If ever there was a time to change our way of thinking about the world, this is that time. And if ever there was a world power we needed to understand better, it is China.
Wall Street has been at ground zero of the financial meltdown, but the fallout has been worldwide. The ensuing shock waves have been disorienting and scary. One thing, however, that should be reassuring in the current crisis has been the circumspect and sensible reaction of China.
The Chinese are the second-largest holders of American debt. Stock prices have fallen in China, as have property prices. Exports to the U.S. have slowed, and China's growth rate has slowed with it, a major issue for the Chinese government whose legitimacy depends, in part, on rising living standards.
What if, in these uncertain circumstances, China had given up on the United States? Or worse, as some feared, if China had used the crisis to undermine American interests? After all, it was not long ago some think tanks, including in this country, were targeting China as the emerging successor to the Soviet Union in the eternal struggle between presumed good and evil.
But the Chinese have recognized the global character of the crisis. To be sure, China has a self-interest in maintaining the international trade and financial system, and in preserving a U.S. market on which its export-led growth and social progress significantly depend. But that is exactly the point. We are all in this trouble together and, to quote Chinese Premier Wen Jiabao in a recent CNN interview, "co-operation is everything."
Could China have done more to avoid or mitigate the crisis? Undoubtedly, notably with respect to the valuation of its currency, the yuan, but so could many others.
There are important lessons to be drawn from these developments, but there is one in particular for Canada: Our relations with China need overhauling.

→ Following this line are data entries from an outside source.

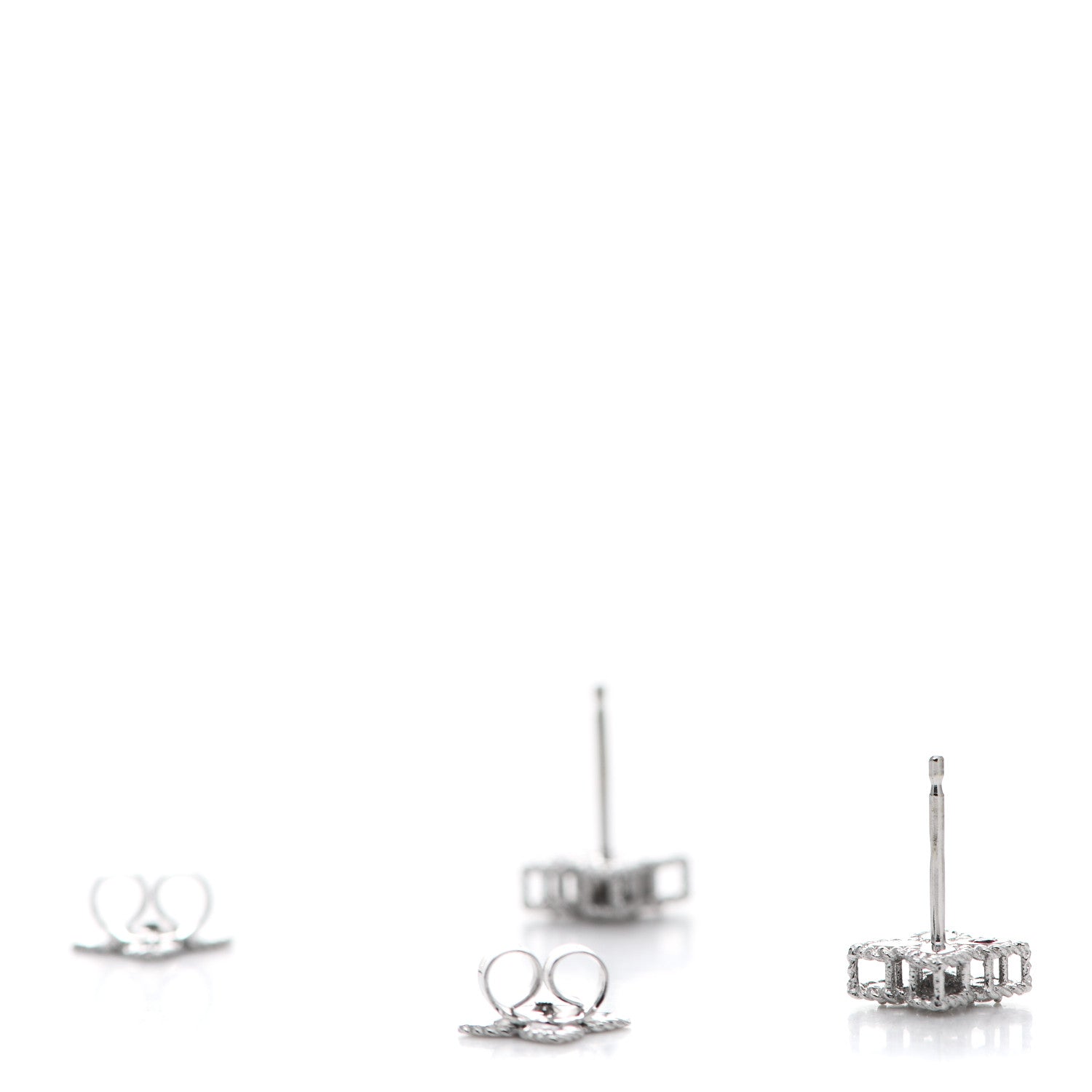 Roberto Coin 18K White Gold Diamond Princess Flower Small Stud Earrings 3 of 4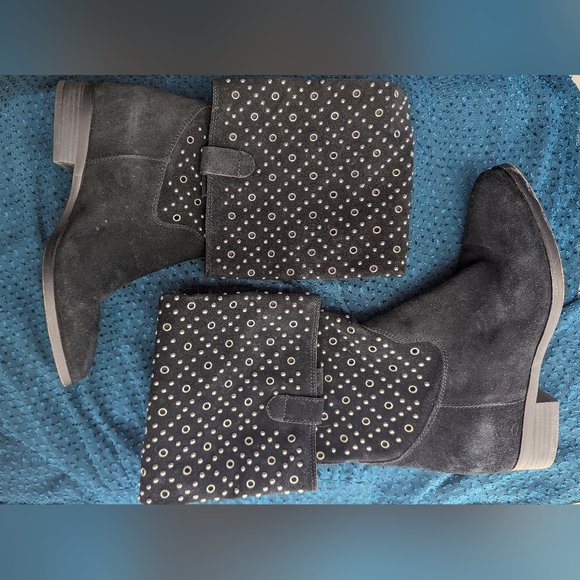 Michael Kors SALLY Black Suede Studded Grommet Slouchy Tall Boots - Picture 3 of 7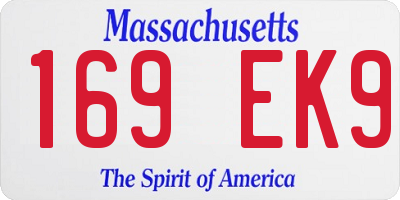 MA license plate 169EK9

Canadian engagement with China for long had been productive and bipartisan. Prime minister John Diefenbaker promoted wheat sales on credit to communist China. Prime minister Pierre Trudeau visited China and facilitated early formal recognition. Prime minister Brian Mulroney led the first Team Canada to China. Prime minister Jean Chrétien continued that engagement and, also, developed a comprehensive relationship with China, including co-operation on human rights. Since then, engagement has regrettably receded.
Engagement does not require blanket approval of each other's domestic or foreign policies, or the sacrifice of human rights to the almighty buck. More sophisticated relationships are possible. Canadians criticize the slow pace of Chinese democratic progress and judicial independence, and disapprove of China's positions on Tibet, climate change and Darfur, for example. The Chinese, for their part, may well wonder about the higher infant mortality rates of Canada's aboriginal peoples compared to other Canadians, and note the disproportionate representation of aboriginals in Canadian prisons. They might find unsatisfactory the high-profile difficulties Canada has in co-operating with China on criminal justice matters.
But progress on such differences is far more likely to emerge from mutual engagement than from unilateral isolation. In a world that is increasingly integrated, and in which China's political and economic significance will only grow, sound working relations have become a pressing priority - for Canada.
With greater engagement, we could, for example, increase the presence in China of Canadian postsecondary institutions, as centres both for teaching and for recruitment, and to promote scholarly exchanges. We could facilitate co-operation between Canadian and Chinese think tanks, business organizations and NGOs. We could jointly create a Canada-China working group on trade and investment to research, prevent and resolve problems. We could upgrade our scarce Chinese language skills as part of our MBA and other university programs. We could expand areas of mutual security co-operation, including regarding terrorism.
In the context of such engagement, in which we underlined our respect for the extraordinary progress China has made and our empathy for the enormous difficulties this still-developing country faces, we could also enhance human rights co-operation - for example, judicial training programs that are valued by the Chinese people, if not always by the Chinese authorities.
We have significant interests at stake, from tourism, trade and investment and intellectual property protections to immigration, international security, global warming and consular protection for dual citizens.
It is against this background that Prime Minister Stephen Harper's recently announced intention to visit China is very welcome, if overdue. It is time we change the way we think about China. The issues are urgent, our interests are enormous and the time is now.